U.S. Pat. No. 5,905,590 describes a switching device comprising a switching film including hydrides of magnesium with other trivalent metals. By exchange of hydrogen, the switching film can be reversibly switched from a transparent state to a mirror-like (fully reflecting or scattering) state with zero transmission via an intermediate black absorbing state. The switching film is comprised in a stack of layers, which is deposited on a transparent substrate. By virtue of the optical effect the device can be used as an optical switching element, for example as a variable beam splitter, optical shutter, and for controlling the illuminance or the shape of light beams in luminaires. The switching device can also be used for data storage and in optical computing, and in applications such as architectural glass, vision control glass, sunroofs and rear-view mirrors. By making a pattern in the switching film and providing the patterned switching film with transparent electrodes a thin display can be manufactured.
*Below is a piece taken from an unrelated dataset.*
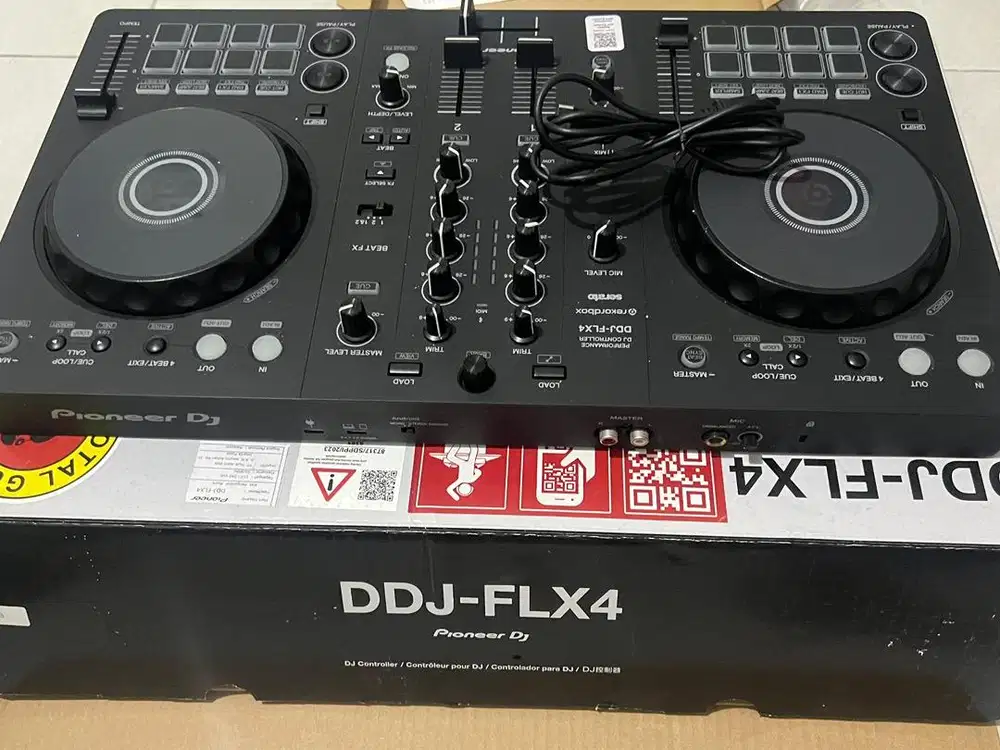 Alat DJ Pioneer DDJ-FLX4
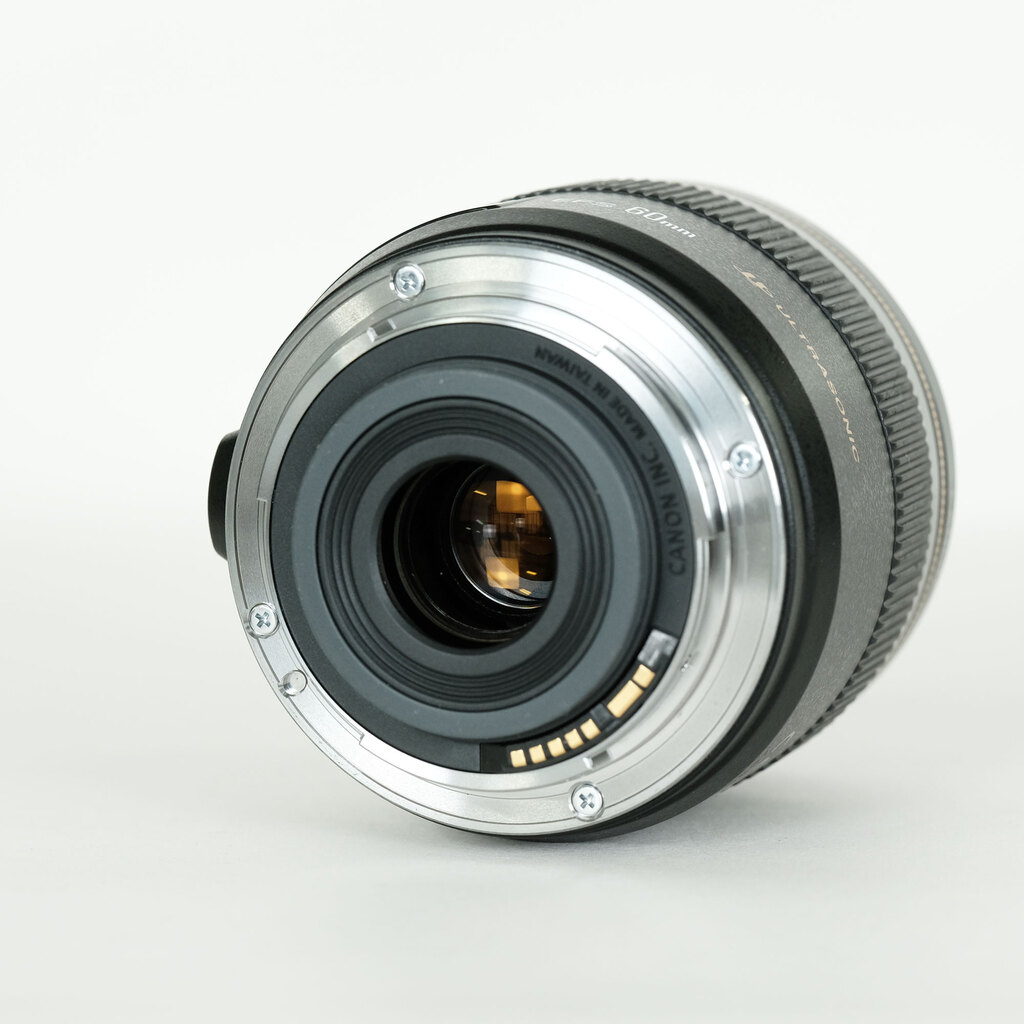 「数量限定 在庫処分セール」 Canon SCENE（ワンシーン） ONE | USMの出品 マクロ F2.8 EF-S60mm レンズ(単焦点)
It is a problem with this type of devices that since the speed of the switching effect is determined by the transport of hydrogen, the device is relatively slow.
It is an object of the invention to provide a switching device, which has an improved speed. To this end, the invention provides a display device in accordance with claim 1.
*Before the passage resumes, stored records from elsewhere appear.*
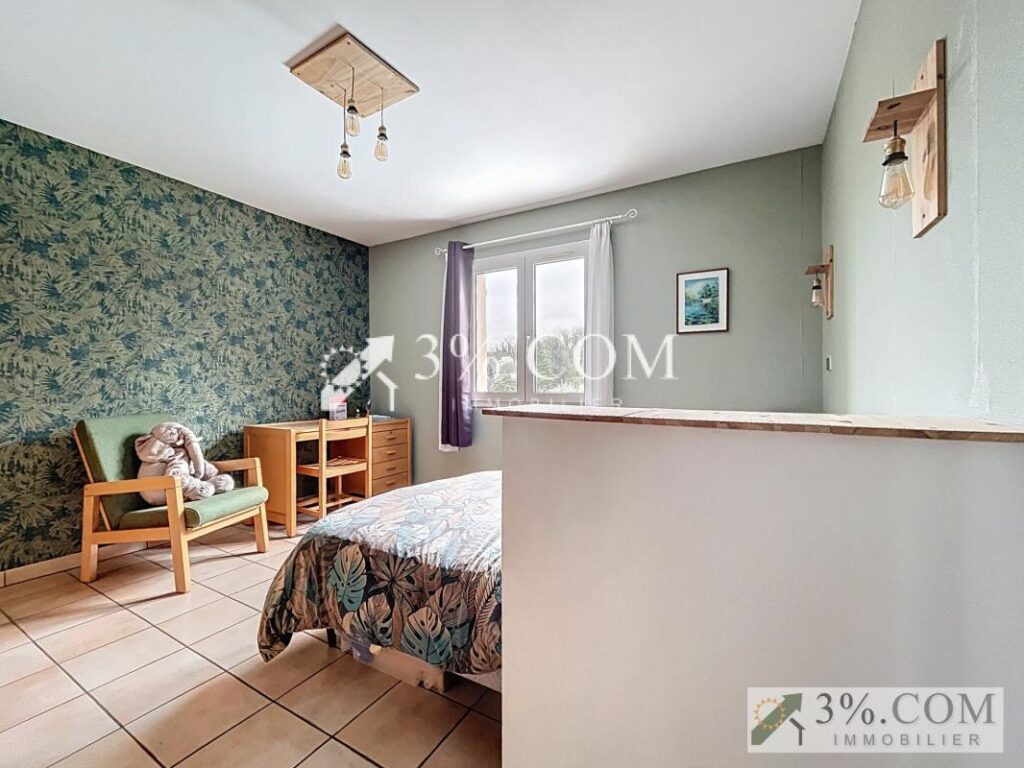 Maison 150,59 m2 habitables avec sous-sol et piscine dans se – 5 pièces – 4 chambres – 150 m²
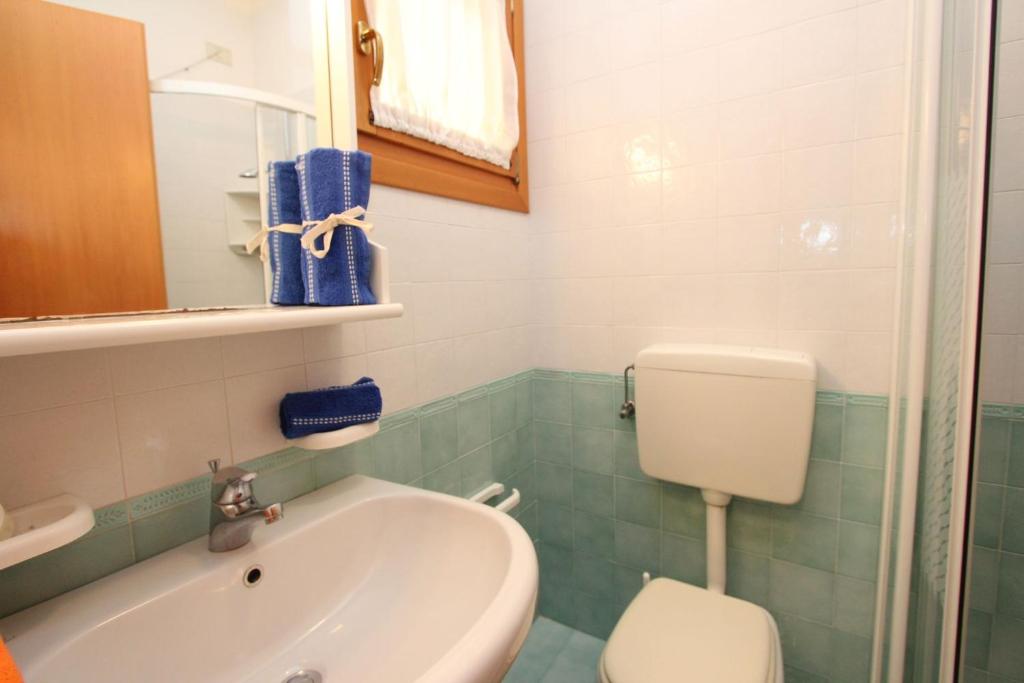 Coastal apartment with shared pool - 5
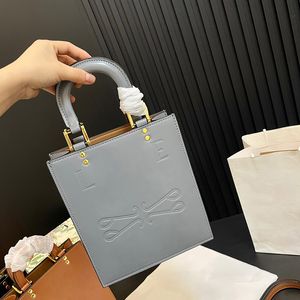 Cross Body Designer Handbags Messenger Bag Luxury Woman Handbag Shoulder Bags Women Leather Relief Sculpture Print Tote Lady Crossbody 231211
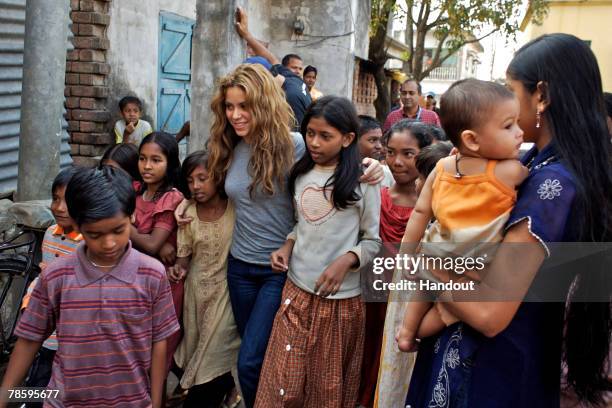 Shakira Visits Bangladesh For Unicef Photos et images de collection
The invention is based on the insight that on the one hand the amount of charge required to address a pixel is so large that this cannot be loaded to a pixel during a number of subsequent addressing periods while on the other hand the pixel is comparable to a rechargeable battery. In the switching mirror device H-ions diffuse from one H-containing layer to the other whilst an electric current flows around the device. The optical properties depend on the state of charge of this hydrogen battery. By changing the polarity of the applied voltage the H-ions will flow back.
By introducing, according to the invention, for each pixel element a series connection of the pixel element and a current source to charge the pixel element and further means for resetting at least part of the pixel elements to a defined state, a large current can be introduced in both directions, allowing fast switching of the pixels.
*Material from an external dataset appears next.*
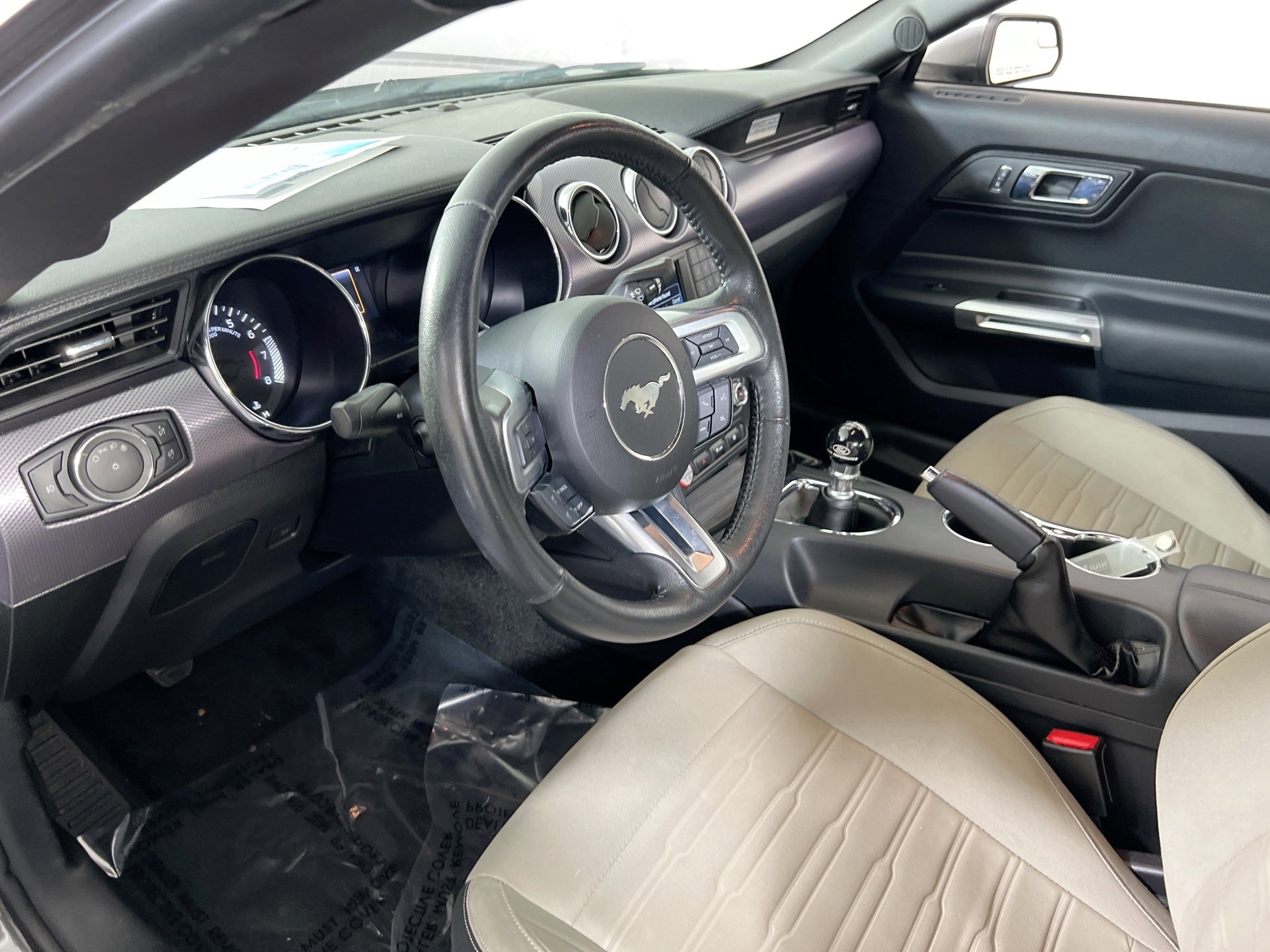 Used 2017 Ford Mustang Coupe image 9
In a first embodiment of the invention the common point of the pixel element is connected via a switch to a reset voltage. Reset is obtained by closing the switch.
In a preferred embodiment of the invention the series connection of the pixel element and the current source is provided between voltage connections and the means for resetting comprise means to switch one of the voltage connections between at least two voltages having different signs with respect to the other voltage connection (symmetric devices). In this way the extra switch for reset can be dispensed with, which in the transmissive mode leads to a higher aperture.
For asymmetric devices it may also be possible to switch between two different amplitudes.
Preferably the current source comprises a capacitor element connected to a control connection of a transistor.